A Refuge From China's Rat Race: The Young People Flocking To Buddhist Monasteries

Unemployment, stress in the workplace, economic difficulties: more and more young Chinese graduates are flocking to monasteries to find "another school of life."

Photograph of a girl praying at a temple during Chinese Lunar New Year. She is burning incense.

Feb 20, 2015 - Huaibei, China - Chinese worshippers pray at a temple during the Lunar New Yeat

CPRESSPHOTO/ZUMA
Frédéric Schaeffer

JIAXING — It's already dawn at Xianghai Temple when Lin, 26, goes to the Hall of 10,000 Buddhas for the 5:30 a.m. prayer.

Still half-asleep, the young woman joins the monks in chanting mantras and reciting sacred texts for an hour. Kneeling, she bows three times to Vairocana, also known as the Great Sun Buddha, who dominates the 42-meter-high hall representing the cosmos.

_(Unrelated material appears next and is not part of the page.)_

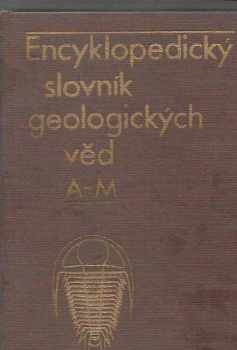 Encyklopedický slovník geologických věd - Josef Svoboda (1983, Academia) - ID: 1373005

Before grabbing a vegetarian breakfast in the adjacent refectory, monks and devotees chant around the hall to the sound of drums and gongs.

"I resigned last October from the e-commerce company where I had been working for the past two years in Nanjing, and joined the temple in January, where I am now a volunteer in residence," explains the young woman, soberly dressed in black pants and a cream linen jacket.

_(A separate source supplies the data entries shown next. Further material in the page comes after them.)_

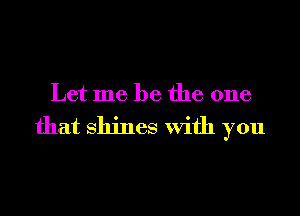 Let me be the one

that Shines With you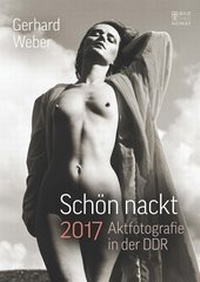 Abbildung von: Schön nackt 2017 - Bild u. Heimat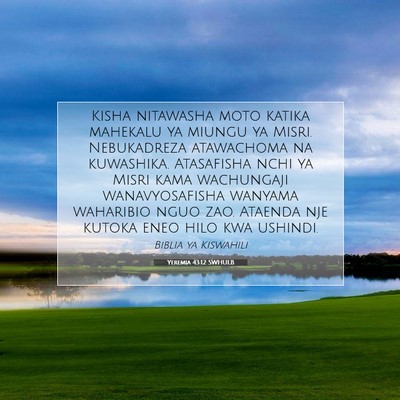 Picture 07 - Yeremia 43:12 SWHULB - Kisha nitawasha moto katika mahekalu ya miungu ya - Bible Verse Picture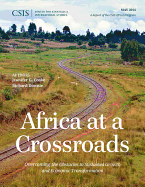 Africa at a Crossroads: Overcoming the Obstacles to Sustained Growth and Economic Transformation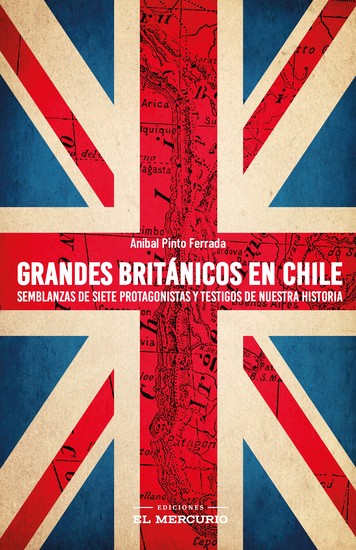 Grandes británicos en Chile - cover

Located in the city of Jiaxing, over a hundred kilometers from Shanghai, in eastern China, the Xianghai temple is home to some 20 permanent volunteers.

Unlike Lin, most of them only stay for a couple days or a few weeks. But for Lin, who spends most of her free time studying Buddhist texts in the temple library, the change in her life has been radical. "I used to do the same job every day, sometimes until very late at night, writing all kinds of reports for my boss. I was exhausted physically and mentally. I felt my life had no meaning," she says.